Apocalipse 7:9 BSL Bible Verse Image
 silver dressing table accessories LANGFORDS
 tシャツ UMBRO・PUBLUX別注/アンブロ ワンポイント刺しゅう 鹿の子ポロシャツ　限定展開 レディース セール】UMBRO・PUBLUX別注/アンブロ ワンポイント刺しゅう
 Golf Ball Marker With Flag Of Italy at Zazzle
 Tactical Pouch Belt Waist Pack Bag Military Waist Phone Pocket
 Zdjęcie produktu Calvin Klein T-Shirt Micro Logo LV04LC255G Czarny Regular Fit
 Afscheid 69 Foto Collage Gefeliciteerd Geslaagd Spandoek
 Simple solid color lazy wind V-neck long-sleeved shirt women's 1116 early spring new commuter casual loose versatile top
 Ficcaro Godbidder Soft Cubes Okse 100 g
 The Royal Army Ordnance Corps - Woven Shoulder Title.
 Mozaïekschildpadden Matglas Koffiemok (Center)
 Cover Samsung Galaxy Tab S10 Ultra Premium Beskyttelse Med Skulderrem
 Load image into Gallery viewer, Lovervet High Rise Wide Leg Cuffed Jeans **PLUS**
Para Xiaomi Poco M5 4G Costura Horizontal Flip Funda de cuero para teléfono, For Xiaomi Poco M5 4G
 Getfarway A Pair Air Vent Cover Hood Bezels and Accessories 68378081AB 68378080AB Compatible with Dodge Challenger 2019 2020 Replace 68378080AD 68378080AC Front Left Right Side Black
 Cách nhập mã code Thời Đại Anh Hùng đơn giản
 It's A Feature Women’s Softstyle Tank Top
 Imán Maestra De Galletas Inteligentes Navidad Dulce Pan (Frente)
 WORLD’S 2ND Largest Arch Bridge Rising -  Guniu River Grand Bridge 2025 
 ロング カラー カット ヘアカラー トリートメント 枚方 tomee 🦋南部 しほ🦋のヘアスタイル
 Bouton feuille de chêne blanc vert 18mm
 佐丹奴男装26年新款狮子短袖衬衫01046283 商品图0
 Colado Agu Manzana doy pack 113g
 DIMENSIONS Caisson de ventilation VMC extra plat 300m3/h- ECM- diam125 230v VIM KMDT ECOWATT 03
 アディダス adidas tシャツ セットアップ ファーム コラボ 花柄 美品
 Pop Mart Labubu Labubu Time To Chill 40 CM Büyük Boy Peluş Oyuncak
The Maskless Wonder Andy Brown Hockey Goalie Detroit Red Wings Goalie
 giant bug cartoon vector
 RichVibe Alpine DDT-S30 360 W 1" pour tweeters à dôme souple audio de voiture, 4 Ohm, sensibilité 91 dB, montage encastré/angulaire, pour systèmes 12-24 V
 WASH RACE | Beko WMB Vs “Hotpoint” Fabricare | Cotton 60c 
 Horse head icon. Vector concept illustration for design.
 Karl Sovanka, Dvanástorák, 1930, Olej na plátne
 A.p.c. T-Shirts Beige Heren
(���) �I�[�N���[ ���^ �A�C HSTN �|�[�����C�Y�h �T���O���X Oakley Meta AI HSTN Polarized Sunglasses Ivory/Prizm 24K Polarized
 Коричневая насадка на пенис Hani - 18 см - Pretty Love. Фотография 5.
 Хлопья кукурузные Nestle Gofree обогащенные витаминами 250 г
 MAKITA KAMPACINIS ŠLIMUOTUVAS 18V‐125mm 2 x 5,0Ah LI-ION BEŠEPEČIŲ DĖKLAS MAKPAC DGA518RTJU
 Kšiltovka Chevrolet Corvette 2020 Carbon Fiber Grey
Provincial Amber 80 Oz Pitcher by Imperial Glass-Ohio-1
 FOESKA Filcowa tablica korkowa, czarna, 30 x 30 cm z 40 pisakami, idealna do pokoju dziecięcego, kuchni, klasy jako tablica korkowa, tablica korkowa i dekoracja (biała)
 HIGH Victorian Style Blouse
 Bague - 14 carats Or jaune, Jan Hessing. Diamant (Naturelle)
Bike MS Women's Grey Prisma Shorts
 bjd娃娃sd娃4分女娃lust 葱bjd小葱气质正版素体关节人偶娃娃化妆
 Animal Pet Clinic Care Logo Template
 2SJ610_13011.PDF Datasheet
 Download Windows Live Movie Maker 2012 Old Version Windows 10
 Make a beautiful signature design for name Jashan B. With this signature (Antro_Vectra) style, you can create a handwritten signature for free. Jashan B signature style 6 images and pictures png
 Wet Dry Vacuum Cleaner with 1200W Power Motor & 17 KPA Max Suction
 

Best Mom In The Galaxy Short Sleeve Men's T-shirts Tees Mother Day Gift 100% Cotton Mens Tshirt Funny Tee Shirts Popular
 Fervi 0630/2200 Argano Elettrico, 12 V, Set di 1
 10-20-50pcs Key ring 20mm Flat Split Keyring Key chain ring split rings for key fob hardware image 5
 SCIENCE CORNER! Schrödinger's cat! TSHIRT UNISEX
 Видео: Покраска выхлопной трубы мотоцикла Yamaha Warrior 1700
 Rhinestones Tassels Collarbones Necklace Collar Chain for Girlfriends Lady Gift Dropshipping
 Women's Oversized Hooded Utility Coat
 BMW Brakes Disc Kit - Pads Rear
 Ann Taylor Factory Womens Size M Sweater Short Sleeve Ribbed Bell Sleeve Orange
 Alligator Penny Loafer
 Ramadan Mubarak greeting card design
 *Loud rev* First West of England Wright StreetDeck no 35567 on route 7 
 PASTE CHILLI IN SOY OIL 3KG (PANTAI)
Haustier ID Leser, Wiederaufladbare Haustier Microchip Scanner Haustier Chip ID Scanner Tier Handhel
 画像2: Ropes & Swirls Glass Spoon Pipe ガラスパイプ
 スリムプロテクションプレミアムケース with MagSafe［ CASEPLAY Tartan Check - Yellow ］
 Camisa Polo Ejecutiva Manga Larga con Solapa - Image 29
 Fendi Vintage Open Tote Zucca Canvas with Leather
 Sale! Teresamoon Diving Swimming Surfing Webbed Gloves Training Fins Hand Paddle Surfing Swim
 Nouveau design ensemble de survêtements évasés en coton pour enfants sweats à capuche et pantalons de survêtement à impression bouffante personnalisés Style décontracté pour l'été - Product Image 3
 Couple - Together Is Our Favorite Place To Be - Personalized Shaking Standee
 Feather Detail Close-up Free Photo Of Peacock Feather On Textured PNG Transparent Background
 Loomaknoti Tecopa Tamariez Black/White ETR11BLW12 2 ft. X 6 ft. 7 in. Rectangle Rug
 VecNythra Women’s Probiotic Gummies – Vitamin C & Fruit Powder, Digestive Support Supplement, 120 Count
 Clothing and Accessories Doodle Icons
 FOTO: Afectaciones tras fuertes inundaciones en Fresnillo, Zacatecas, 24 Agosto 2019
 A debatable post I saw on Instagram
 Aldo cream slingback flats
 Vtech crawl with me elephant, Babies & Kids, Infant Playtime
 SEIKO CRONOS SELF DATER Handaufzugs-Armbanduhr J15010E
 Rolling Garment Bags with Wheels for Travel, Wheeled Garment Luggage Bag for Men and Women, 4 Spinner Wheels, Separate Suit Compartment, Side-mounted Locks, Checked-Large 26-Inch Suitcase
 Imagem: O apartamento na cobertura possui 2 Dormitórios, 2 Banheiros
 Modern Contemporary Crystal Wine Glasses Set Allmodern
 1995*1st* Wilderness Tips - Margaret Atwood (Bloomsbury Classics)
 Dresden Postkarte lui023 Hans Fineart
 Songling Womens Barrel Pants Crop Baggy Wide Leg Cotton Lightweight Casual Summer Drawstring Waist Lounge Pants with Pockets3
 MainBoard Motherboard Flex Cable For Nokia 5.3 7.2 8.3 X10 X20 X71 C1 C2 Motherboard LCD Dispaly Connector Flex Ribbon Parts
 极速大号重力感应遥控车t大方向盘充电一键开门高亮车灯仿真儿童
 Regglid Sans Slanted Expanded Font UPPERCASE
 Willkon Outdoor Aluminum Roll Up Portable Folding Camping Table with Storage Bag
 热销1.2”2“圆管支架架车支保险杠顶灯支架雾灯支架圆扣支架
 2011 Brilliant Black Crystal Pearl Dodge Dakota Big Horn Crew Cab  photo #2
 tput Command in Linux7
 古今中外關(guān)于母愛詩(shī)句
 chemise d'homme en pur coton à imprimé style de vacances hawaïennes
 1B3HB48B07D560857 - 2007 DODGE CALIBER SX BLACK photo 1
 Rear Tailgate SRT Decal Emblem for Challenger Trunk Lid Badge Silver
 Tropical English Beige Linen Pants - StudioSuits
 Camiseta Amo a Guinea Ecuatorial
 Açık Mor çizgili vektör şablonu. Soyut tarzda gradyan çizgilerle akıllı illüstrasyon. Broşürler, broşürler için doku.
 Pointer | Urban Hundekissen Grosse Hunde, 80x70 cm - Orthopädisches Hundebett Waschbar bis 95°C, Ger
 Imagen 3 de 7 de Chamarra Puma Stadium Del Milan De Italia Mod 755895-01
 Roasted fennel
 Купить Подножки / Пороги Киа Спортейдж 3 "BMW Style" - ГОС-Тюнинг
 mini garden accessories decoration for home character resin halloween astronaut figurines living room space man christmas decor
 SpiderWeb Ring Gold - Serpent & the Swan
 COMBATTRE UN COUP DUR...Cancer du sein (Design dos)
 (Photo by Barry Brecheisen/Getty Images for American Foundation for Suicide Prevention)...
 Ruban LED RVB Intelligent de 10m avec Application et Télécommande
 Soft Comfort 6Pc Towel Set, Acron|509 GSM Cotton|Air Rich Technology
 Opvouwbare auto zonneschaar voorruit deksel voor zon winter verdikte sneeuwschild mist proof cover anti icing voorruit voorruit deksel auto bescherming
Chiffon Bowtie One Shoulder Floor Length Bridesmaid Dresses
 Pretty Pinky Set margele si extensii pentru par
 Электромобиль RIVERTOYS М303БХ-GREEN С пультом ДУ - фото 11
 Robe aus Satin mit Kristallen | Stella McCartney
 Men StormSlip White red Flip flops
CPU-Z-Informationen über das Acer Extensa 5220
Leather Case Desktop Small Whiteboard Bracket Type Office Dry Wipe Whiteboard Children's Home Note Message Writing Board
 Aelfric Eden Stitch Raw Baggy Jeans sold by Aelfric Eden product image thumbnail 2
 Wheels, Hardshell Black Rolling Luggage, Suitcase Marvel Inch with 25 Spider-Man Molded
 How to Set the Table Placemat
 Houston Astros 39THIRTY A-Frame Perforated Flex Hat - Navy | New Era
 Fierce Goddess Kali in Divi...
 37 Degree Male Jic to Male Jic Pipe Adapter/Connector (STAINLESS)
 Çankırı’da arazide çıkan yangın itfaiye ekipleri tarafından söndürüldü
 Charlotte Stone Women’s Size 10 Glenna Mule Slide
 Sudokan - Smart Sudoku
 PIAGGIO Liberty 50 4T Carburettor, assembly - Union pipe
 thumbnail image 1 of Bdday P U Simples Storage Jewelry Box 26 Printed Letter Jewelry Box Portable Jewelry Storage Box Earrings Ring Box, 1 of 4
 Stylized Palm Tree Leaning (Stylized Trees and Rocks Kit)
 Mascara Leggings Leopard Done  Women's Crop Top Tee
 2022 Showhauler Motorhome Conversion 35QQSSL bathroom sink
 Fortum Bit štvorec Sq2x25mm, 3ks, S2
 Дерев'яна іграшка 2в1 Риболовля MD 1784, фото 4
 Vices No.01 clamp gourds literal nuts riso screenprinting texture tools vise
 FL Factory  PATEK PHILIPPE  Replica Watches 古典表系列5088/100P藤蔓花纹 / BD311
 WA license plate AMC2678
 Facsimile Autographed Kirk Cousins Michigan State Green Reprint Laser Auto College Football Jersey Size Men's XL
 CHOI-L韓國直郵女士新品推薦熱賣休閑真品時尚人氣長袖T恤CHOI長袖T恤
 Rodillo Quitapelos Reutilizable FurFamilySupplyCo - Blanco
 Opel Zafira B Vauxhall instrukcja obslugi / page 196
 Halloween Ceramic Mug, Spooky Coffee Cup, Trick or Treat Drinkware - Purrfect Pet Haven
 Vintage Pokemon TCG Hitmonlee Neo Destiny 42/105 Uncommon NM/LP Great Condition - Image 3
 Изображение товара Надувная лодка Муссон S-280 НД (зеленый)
----
Write down exactly the span of lines above from the one containing "The Maskless Wonder" to the one containing "Bike MS Women's Grey Prisma Shorts", both ends included.

The Maskless Wonder Andy Brown Hockey Goalie Detroit Red Wings Goalie
 giant bug cartoon vector
 RichVibe Alpine DDT-S30 360 W 1" pour tweeters à dôme souple audio de voiture, 4 Ohm, sensibilité 91 dB, montage encastré/angulaire, pour systèmes 12-24 V
 WASH RACE | Beko WMB Vs “Hotpoint” Fabricare | Cotton 60c 
 Horse head icon. Vector concept illustration for design.
 Karl Sovanka, Dvanástorák, 1930, Olej na plátne
 A.p.c. T-Shirts Beige Heren
(���) �I�[�N���[ ���^ �A�C HSTN �|�[�����C�Y�h �T���O���X Oakley Meta AI HSTN Polarized Sunglasses Ivory/Prizm 24K Polarized
 Коричневая насадка на пенис Hani - 18 см - Pretty Love. Фотография 5.
 Хлопья кукурузные Nestle Gofree обогащенные витаминами 250 г
 MAKITA KAMPACINIS ŠLIMUOTUVAS 18V‐125mm 2 x 5,0Ah LI-ION BEŠEPEČIŲ DĖKLAS MAKPAC DGA518RTJU
 Kšiltovka Chevrolet Corvette 2020 Carbon Fiber Grey
Provincial Amber 80 Oz Pitcher by Imperial Glass-Ohio-1
 FOESKA Filcowa tablica korkowa, czarna, 30 x 30 cm z 40 pisakami, idealna do pokoju dziecięcego, kuchni, klasy jako tablica korkowa, tablica korkowa i dekoracja (biała)
 HIGH Victorian Style Blouse
 Bague - 14 carats Or jaune, Jan Hessing. Diamant (Naturelle)
Bike MS Women's Grey Prisma Shorts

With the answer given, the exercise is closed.